Two Women to Clean up the Mess
Illece Buckley Weber and Linda Northrup were elected to fill the two vacancies on the Agoura Hills City Council. Voters were adament that future decisions of the council not go the way they have been.
When Agoura Hills City Council members agreed to sell the 71 Acre Chesebro Meadow, the goal was to settle a lawsuit with the buyer. In hindsight, the expense of continuing the suit, and the liability should the city have lost in court, was a paltry sum compared to the value of the meadow measured in dollars AND in its critical benefit to the survival of many species in the Santa Monica Mountains.

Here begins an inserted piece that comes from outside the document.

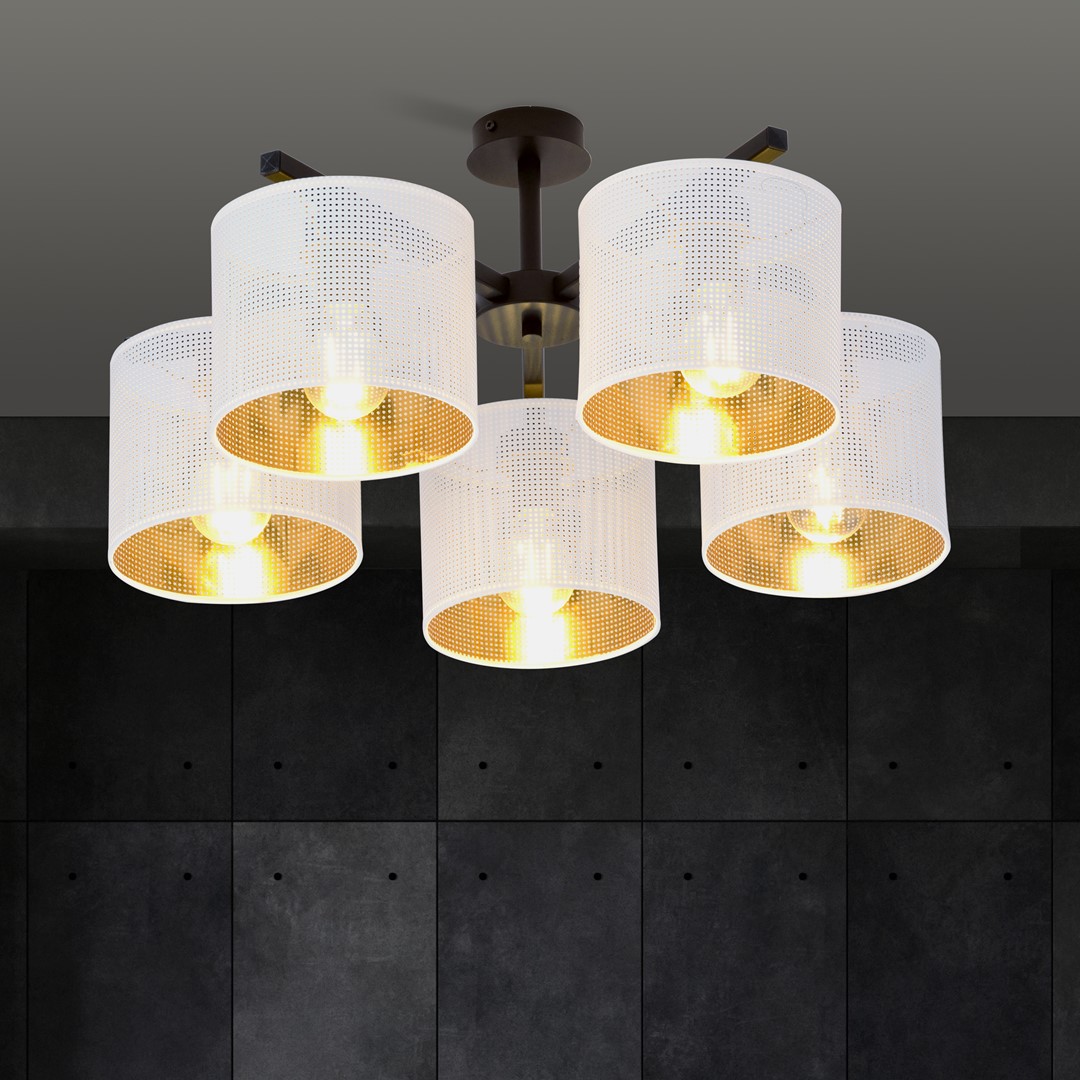 Emibig Stropna svjetiljka JORDAN 230V 15W MAX LED E27 Čelik/ Tkanina Crna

The city figured they might lose the lawsuit, and their defendant was the only buyer to come forward. The public did not have any vote on the matter - a deal was struck. While it seemed like the only option at the time, the sale of the Chesebro Meadow for less than $1M was unfortunate. The sale was contingent on the Final Environmental Impact Report certification. While there are other conditions to be met, including the annexation of the land to the city, certifying the FEIR was the first step.
The second mistake may have been a foregone conclusion - tethered to the sale agreement. At the City Planning Commission and Council meeting, experts gave compelling testimony why the FEIR was inadequate, and yet 3 out of 5 planners, and 3 out of 5 council members voted to certify that document.
On Tuesday, November 3, 2015, registered voters of the City of Agoura Hills had the opportunity to elect two members of the City Council.
Three candidates voted that the FEIR inadequately addressed fire evacuation safety or the potential effects on the development to a proposed wildlife crossing. They were Chris Anstead, Linda Northrup, and Illece Buckley Weber.
The Old Agoura Homeowner's Association endorsed Northrup and Buckley Weber because they deemed the FEIR inadequate. Their votes counted this time.